Marie-Josephte was not taking this punishment lightly; from beyond the realm of death, it was reported that her corpse would open her eyes, which had turned blood red and would reach for passers-by through the bars.
Even after the gibbet was removed, her spirit wandered the area, scaring travellers along that stretch of road, in the community now known as Lévis.
The backstory of her conviction started with poor Louis (husband #2) being found, bludgeoned, in his barn. Initially, the head wounds were assigned to kicks to the head by a horse.
Unfortunately for his wife, Marie-Josephte (La Corriveau); rumours were already flying around town, regarding the contentious relationship that had developed between the couple and extended to include Marie’s father, Joseph Corriveau.

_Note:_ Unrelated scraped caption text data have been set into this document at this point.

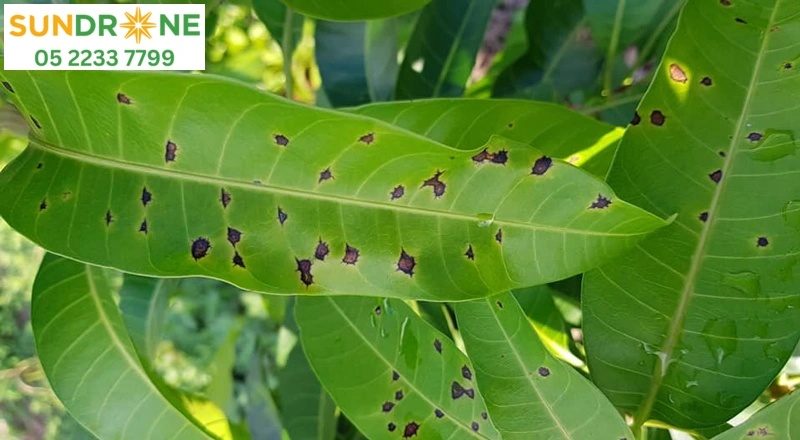 Bệnh thán thư (Colletotrichum gloeosporioides)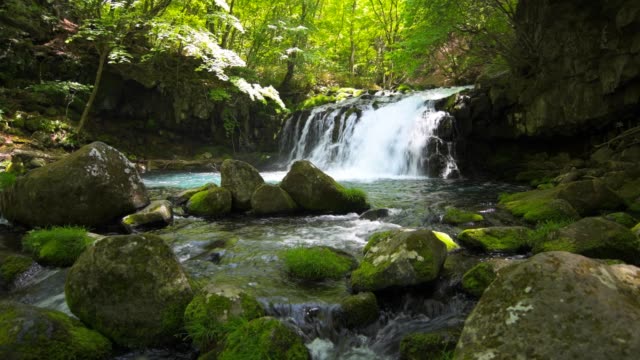 Waterfall-and-fresh-green-in-japan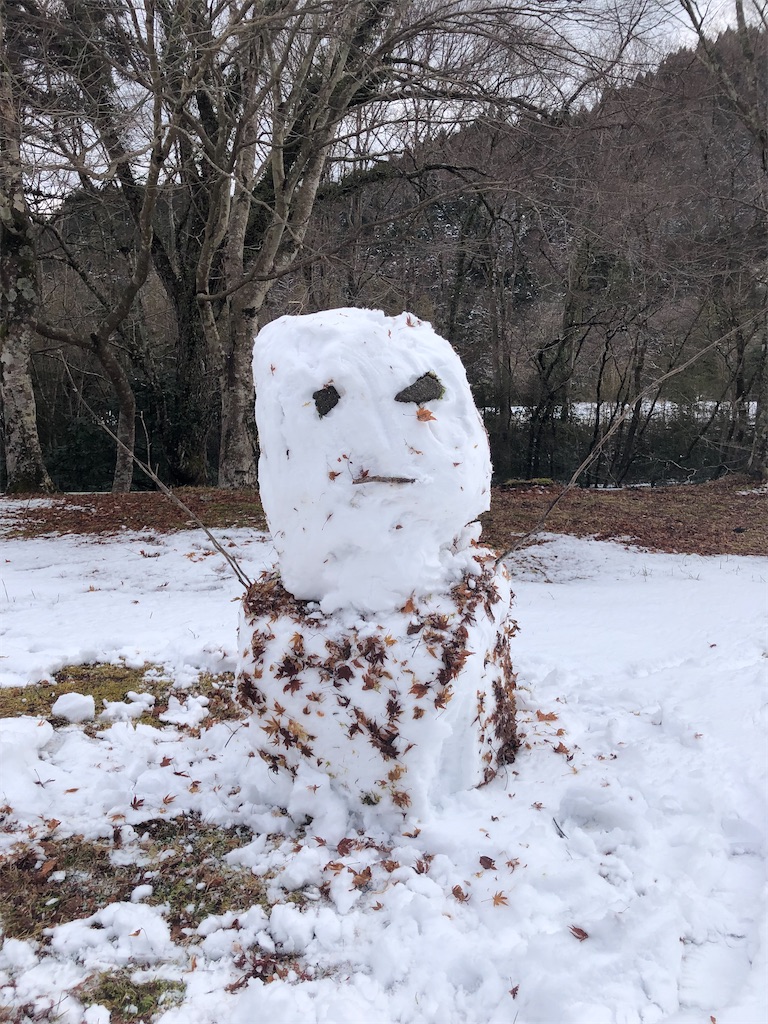 f:id:manabuhirao:20220215090946j:image f:id:manabuhirao:20220215090946j:image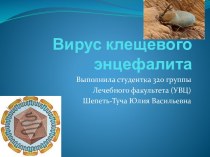 Вирус клещевого энцефалита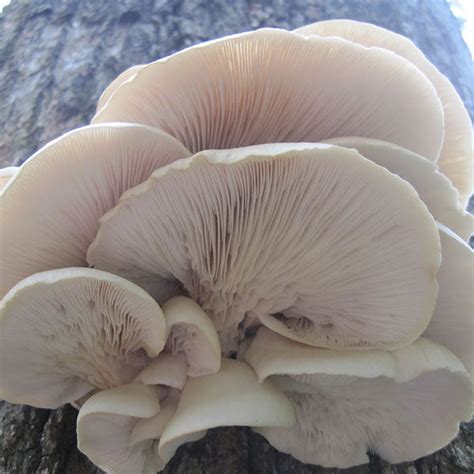 Oyster Mushroom Plug Spawn - (Pleurotus spp.) – Mushroom Mountain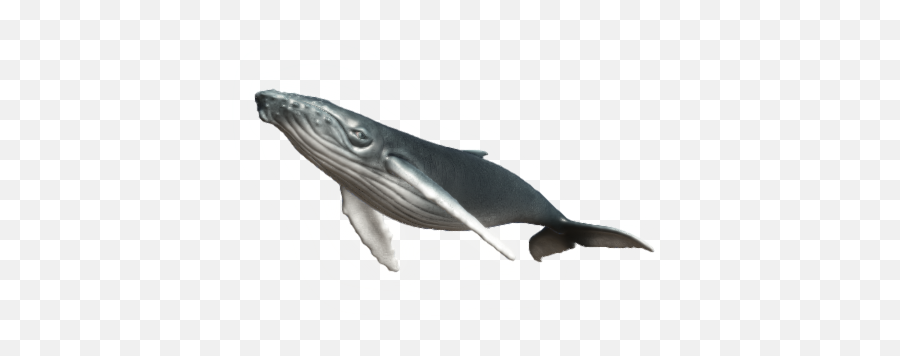 P3d - Grey Whale Png,Humpback Whale Png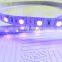 Long lifespan UV led strip, 5 meters per roll with high Lumen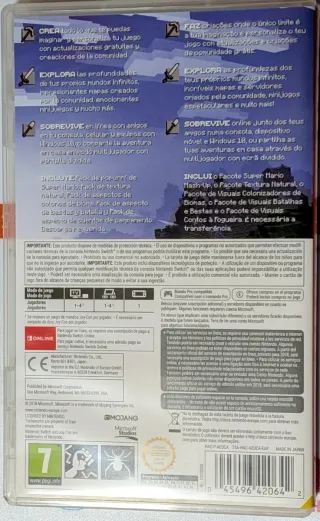 Minecraft Nintendo Switch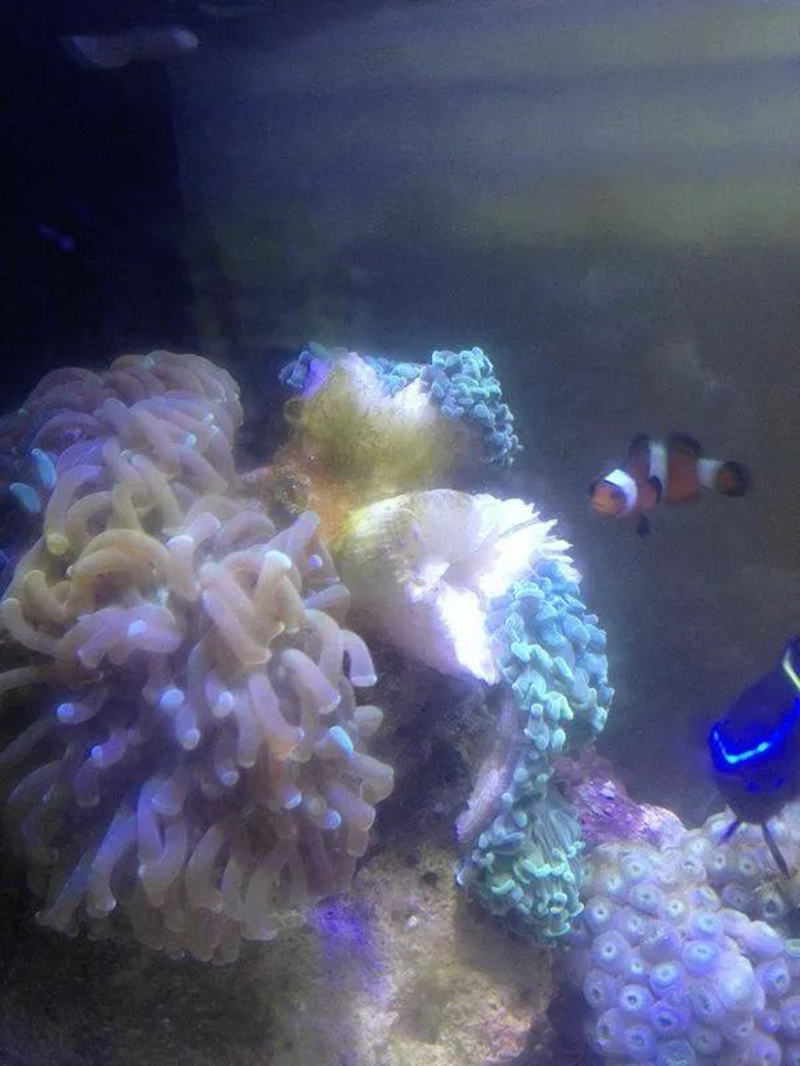 珊瑚缸正确养殖方法,珊瑚缸要怎么维持好水质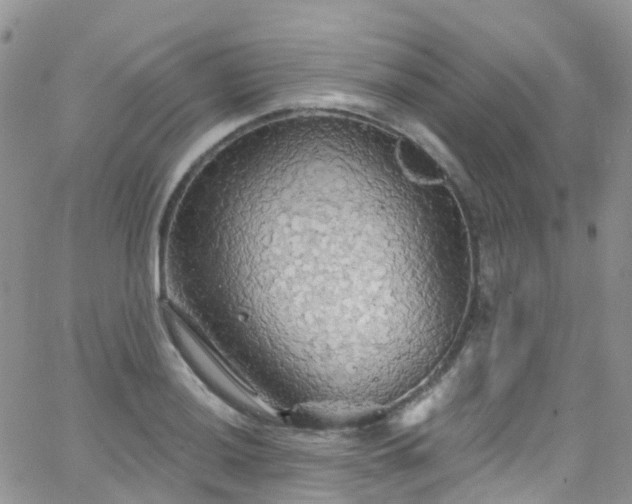 X0000066091036200603171050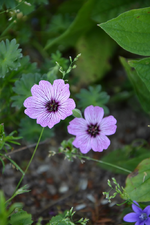 DSC_1779.webp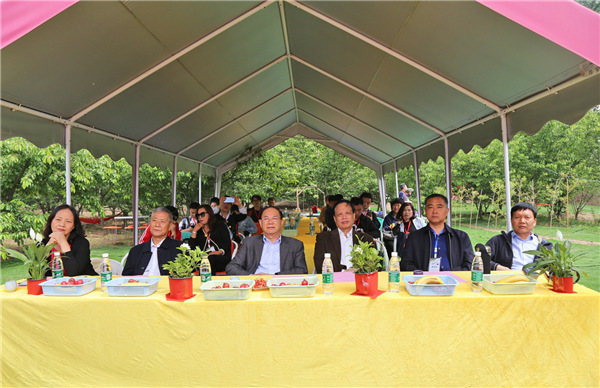 人间有爱，“樱”为有你——2019河南富硒樱桃节暨美农富硒樱桃园玩转樱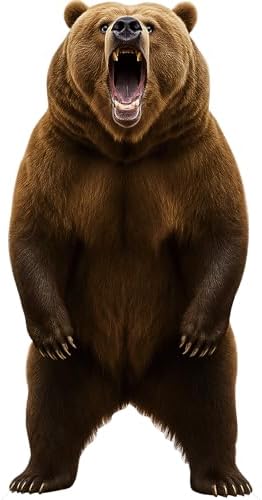 Bear Cardboard Cutout,3FT Life Size, Safari Theme, Alaskan Animals by 111PRINT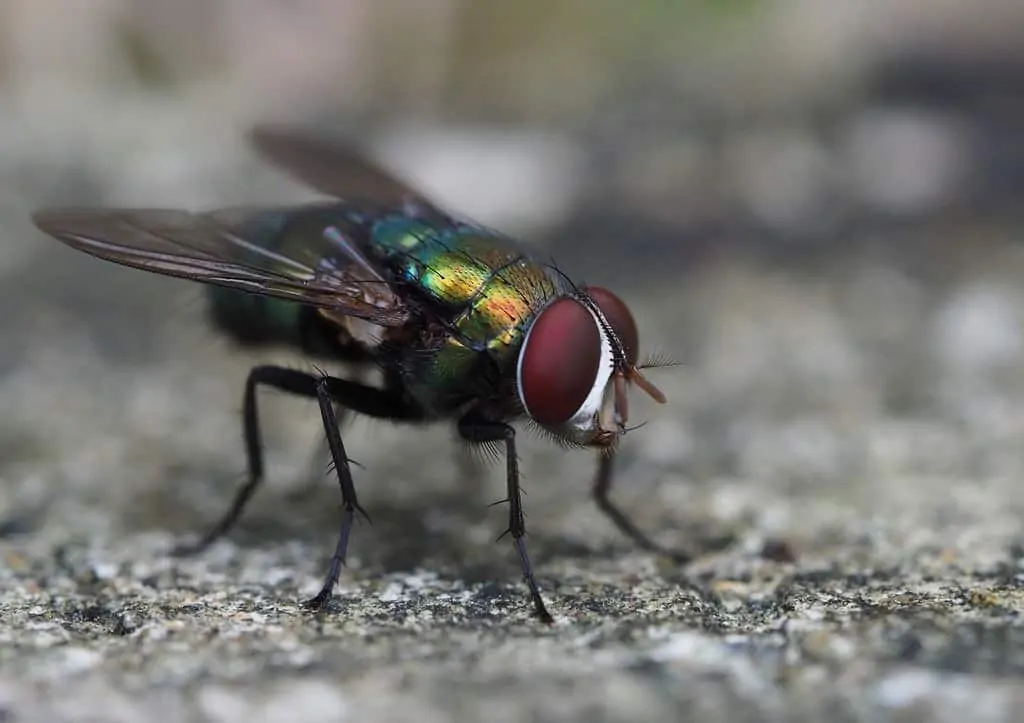 Pic 7 una mosca verde en tierra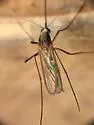 Ochlerotatus infirmatus - photo 2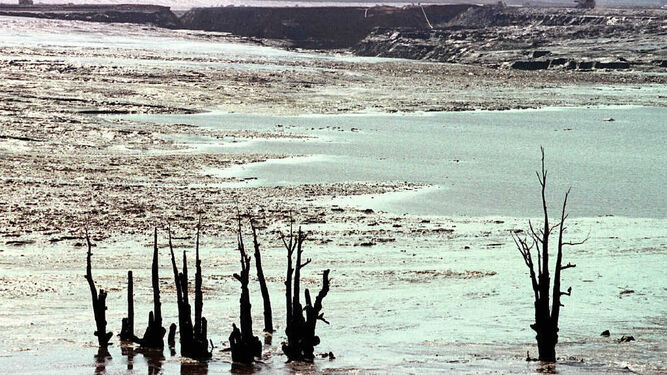 Una imagen de la contaminación generada por la rotura de la balsa minera el 24 de abril de 1998.
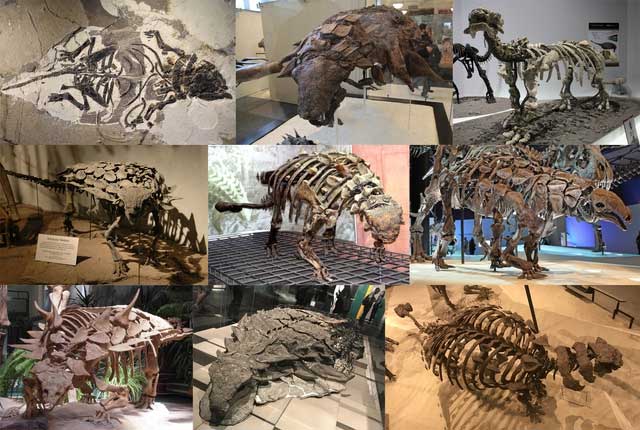 Áo giáp của khủng long Ankylosaur có thể chịu được tác động của một vụ tai nạn xe hơi tốc độ cao không?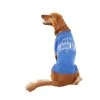 Blended Clothing Hanukkah Dog Tee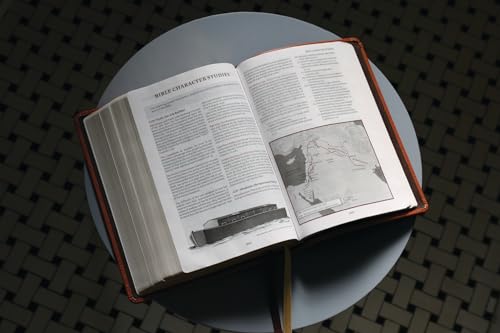 ESV, Thompson Chain-Reference Bible, Genuine Leather, Calfskin, Tan, Red Letter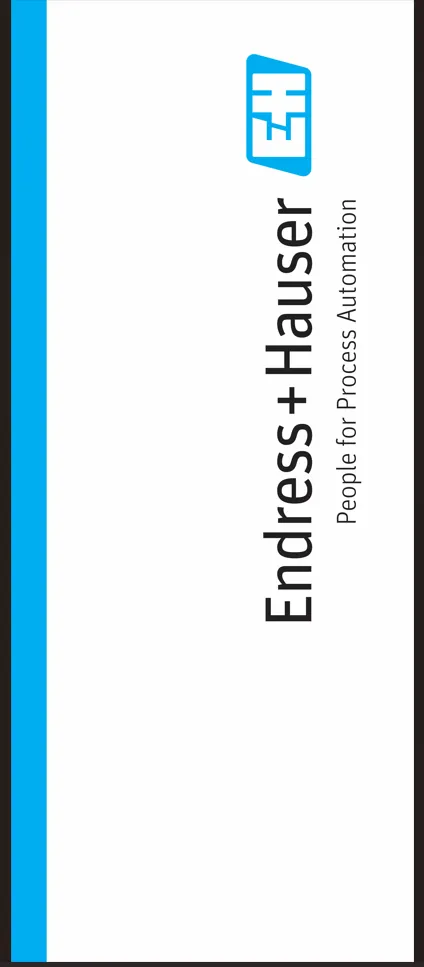 Endress + Hauser Banner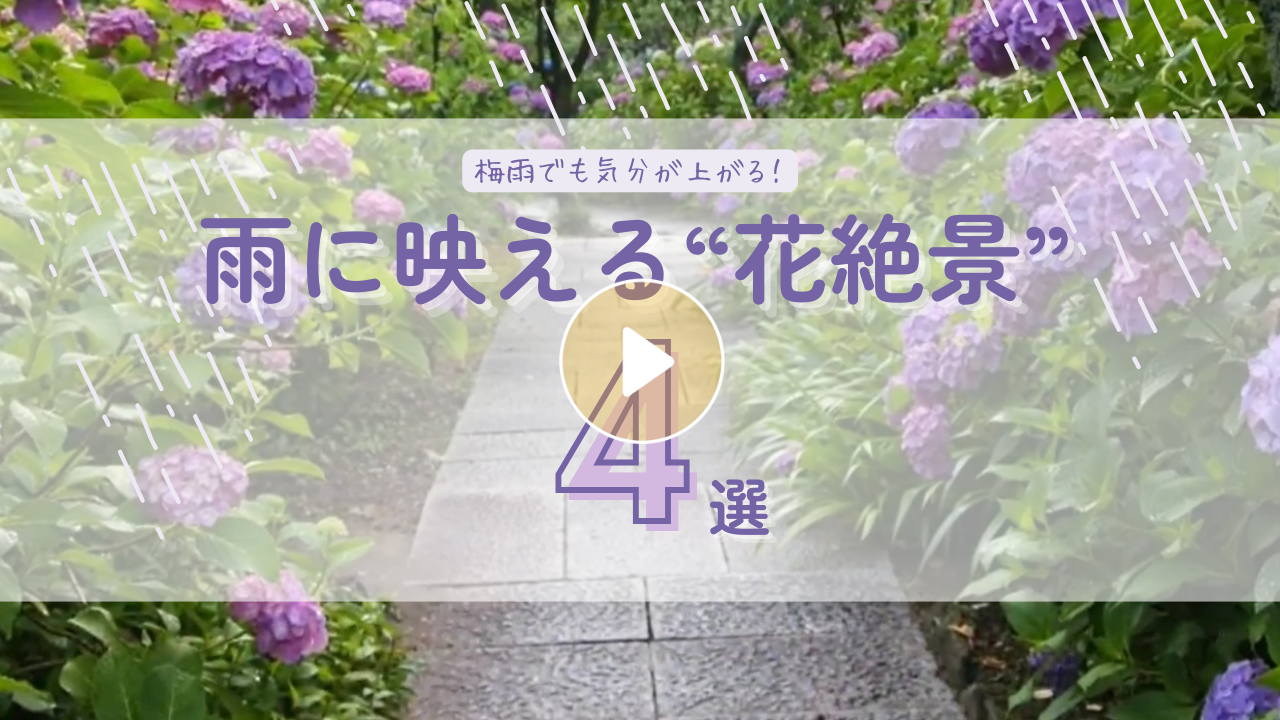 Locipoで動画を見る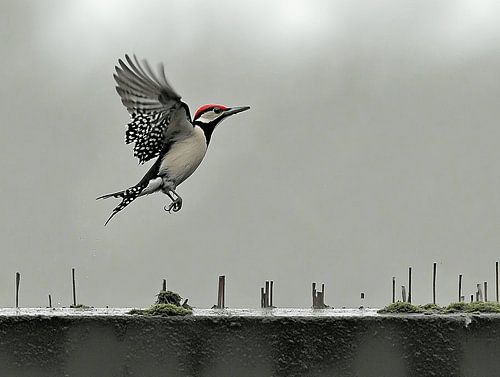 The Dynamics of the Woodpecker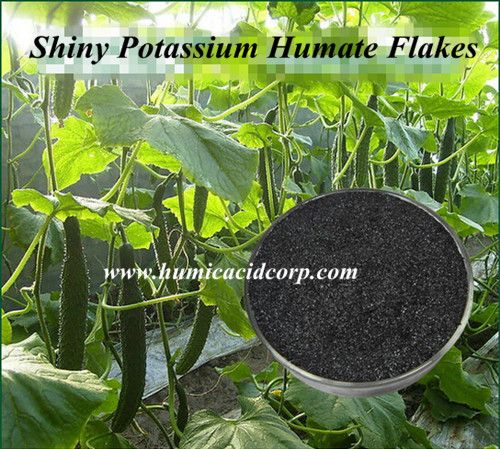 Shiny Potassium Humate Flakes High Quality Humic Acid China Supplier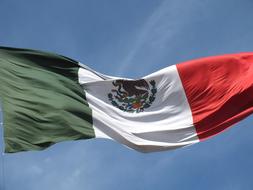 Mexico Flag Mexican Coat Of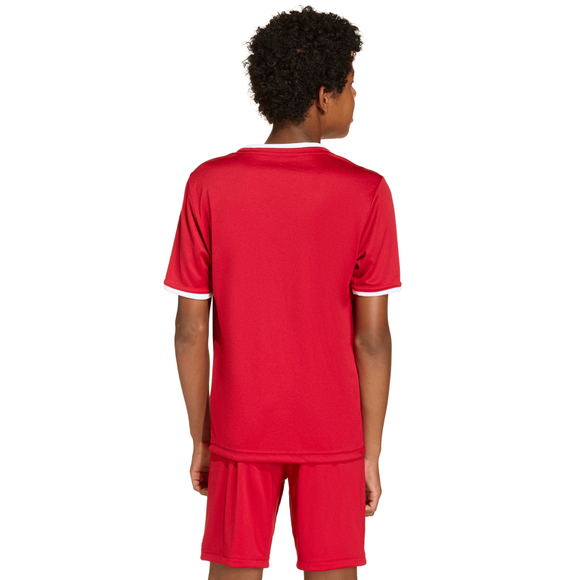 Koszulka dla dzieci adidas Entrada 26 Jersey czerwona JZ2523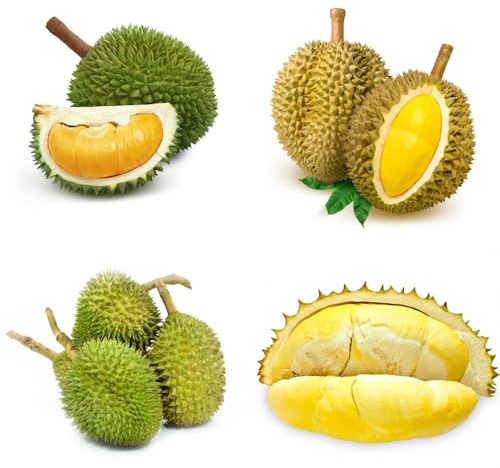 Semi di durian - da frutto nani, resistenti frutto colonnare semi di frutteto serre da balcone per luoghi soleggiati balcone raro colonnari esotico vecchie 25pcs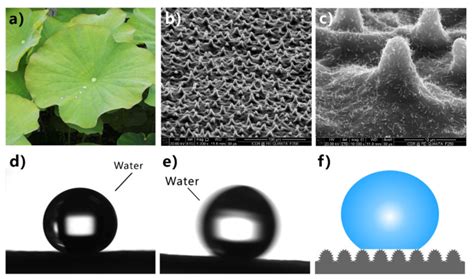 Superhydrophobicity Of Lotus Leaves A Lotus Leaves B C Scanning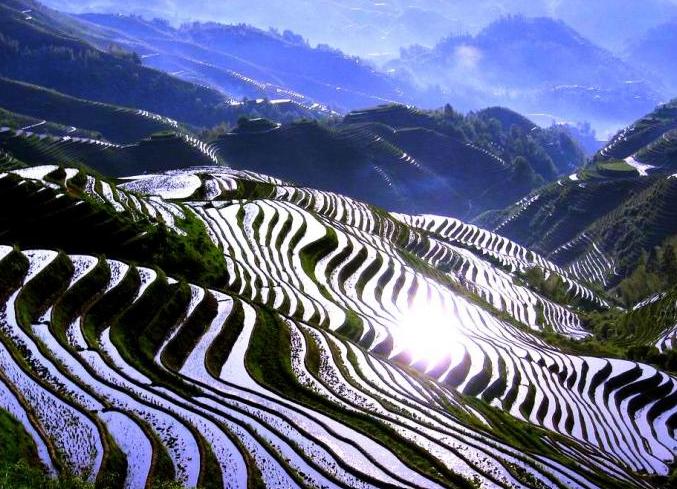 Dragon Rice Terraces Longshen Dragon s Backbone Longji 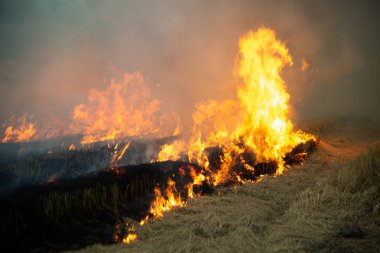 Tarlalarda, açık arazilerde, çiftçilerin yakıldığı yerlerde ateş ve duman yakmak çimleri ve kuru çeltik tarlalarını yok eder. Çevresel sorunlara ve hava kirliliğine neden olur.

It is important to note that Québec was under British rule at this time. Rumours that poor Monsieur Dodier may have met with foul play, on that day, in January 1763 was enough for the British military authorities to set up an investigation into Dodier’s untimely demise.
In March of 1763, in the Ville de Québec, Marie and her father were charged with the murder of Louis Étienne Dodier. In April of 1763, the pair were found guilty. Then things get sticky…. With a death sentence looming ahead of him, Joseph turned on his daughter. He confessed that he was simply an accessory after the fact and that Marie had, in fact, dealt her husband the blows that killed him. He was released. His daughter, however, was not so fortunate.
A second trial was convened; Marie Josephte confessed that she had killed her husband by bashing him in the head, twice, while he slept. She claimed he had abused her. Marie was sentenced to hang and then her body to be put on public display on a gibbet.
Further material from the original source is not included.